What can you create with just eight colors?
Use your insight and personal style to design the quilt. We will select quilts based on originality, creativity, design, impact, workmanship and overall variety of the exhibit.
Finished measurements must be 20 inches square. The name of the game for this challenge is continuity, so we need this exact size.
The challenge is to use a limited color palette. Your entry must use ONLY the eight colors of fabric in the official Challenge Bundle. Thread color, ink/paint color and colors of embellishments are not limited in their color.
The entire quilt top and binding must be made out of the Cherrywood Challenge Bundle. No other brand of fabric may be added (with the exception of backing). This challenge is about using your talents to show off the suede texture and color of Cherrywood.

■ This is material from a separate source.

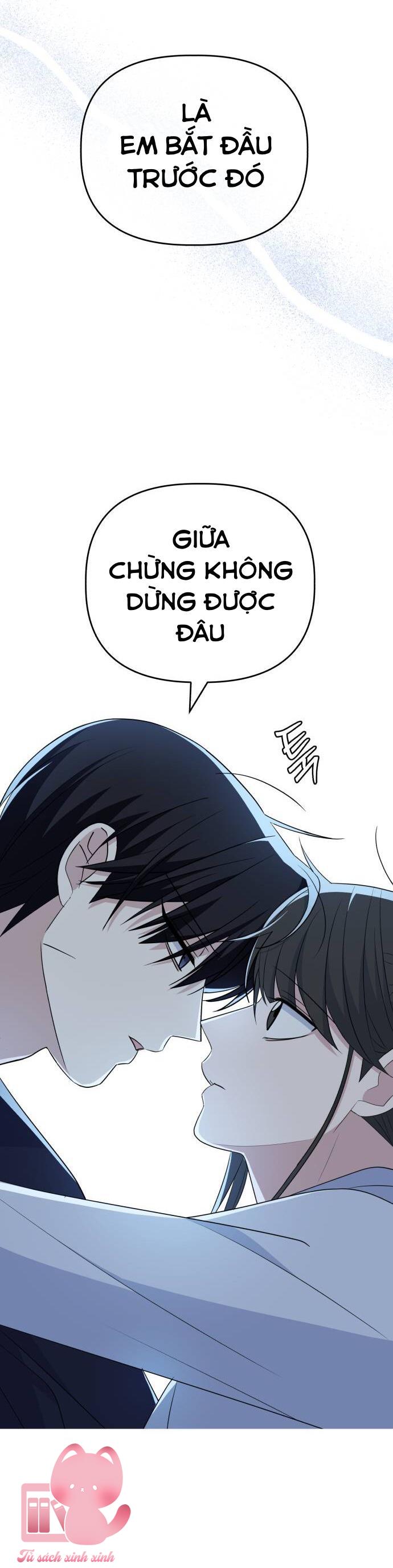 Quan Hệ Nhân Quả - Chap 135 - Trang 46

TECHNIQUE & EMBELLISHMENTS
ADD COLOR WITH EMBELLISHING TECHNIQUES: quilting, thread painting, embroidery, couching, beading, fabric painting, drawing, etc! Any technique or fabric manipulation is acceptable as long as it maintains the official challenge colors and character of a textile quilt. Embellishments must stay within the 20-inch size. Must withstand packing and shipping.
The symbol of the poppy was first associated with the First World War. This bright red flower became a common sight to see on the battlefields of northern France in 1915. Soldiers on the Western Front would even send pressed poppies in letters to their loved ones. 1915 saw fierce fighting at places like Loos and Ypres in France and Belgium. Poppies grew well in the churned-up soil of the battlefield shell craters.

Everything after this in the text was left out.